The emergence of COVID-19 suggests that global warming may present an even graver threat to human welfare than many recognize. As indicated in the scientific literature, not only could the current warming of our planet increase the likelihood of an air-borne pandemic such as COVID-19; it could also damage our health and welfare.

Let us be clear: We are not talking here about future warming, which is already of great concern. We are talking about the effects of a rise of 1oC that we have already experienced. Even with such “modest” warming, a stunning barrage of extreme events have happened in recent years, many of which cannot be explained in the absence of climate change.

How can climate change increase the likelihood of a pandemic? Epidemiologists have been cautioning for several years that it wasn’t a matter of whether a novel coronavirus pandemic would strike, but when. It is well established that viruses jumping from the wild to humans are the major source of this threat, and we know that the degradation and decline of forests weakens the natural barriers protecting us from the source of infection. Shrinking forests arise not only from deforestation caused by population growth and urbanization; global warming also affects forest health.

Unfortunately, the genie is out of the bottle. Although we may not be able to undo the damage caused by deforestation to date, we may be able to reduce disease transmission by restoring the natural barriers between humans and wildlife, and discouraging their further erosion. This would require unprecedented land management programs, with particular focus on halting the devastation of tropical rain forests.

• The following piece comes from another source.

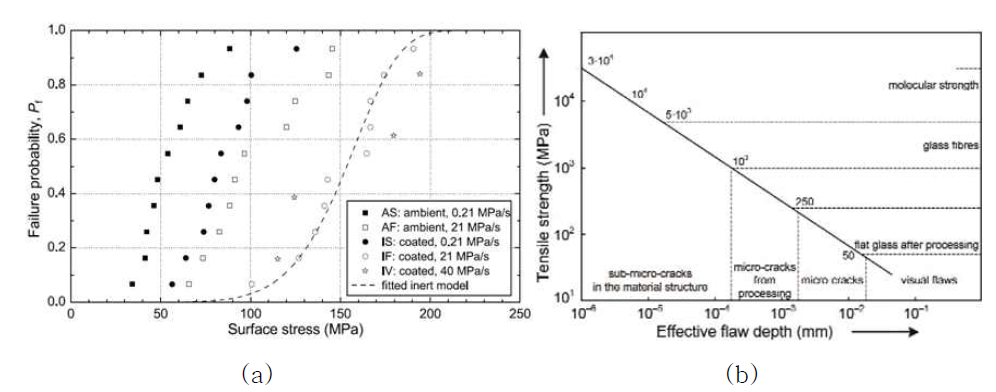 유리 기판의 (a) Weibull Analysis 커브 및 (b) 결함 크기에 른 파단 응력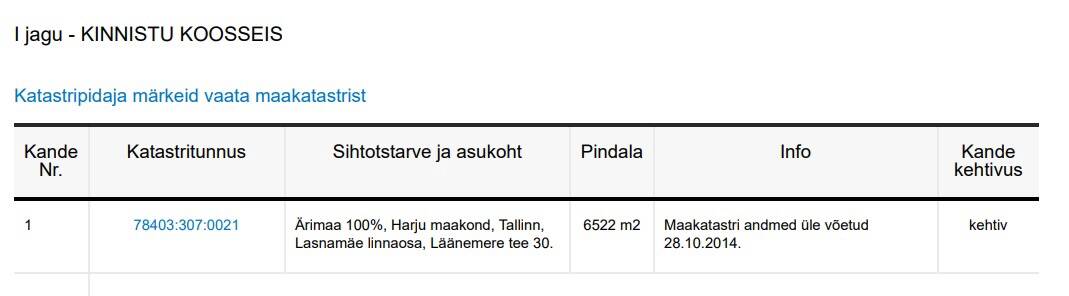 Выписка из крепостной книги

And does warming also amplify a pandemic’s toll on human welfare? The answer is yes, and the effect is greatest during the months when extreme climate-related events tend to be most widespread.

Imagine what would happen if, in the midst of a virus epidemic, we were to experience a hurricane of the ferocity of a Dorian stalled directly over a major metropolitan area? Or what if we were to suffer an extended record-shattering heatwave, such as the one that hit Europe in the summer of 2019? How would we deal with the associated blackouts and brownouts, and keep people safe from COVID-19 as they tried to find refuge at crowded parks and beaches? For those fortunate enough to survive such events, social distancing to slow the virus spread would not be an option.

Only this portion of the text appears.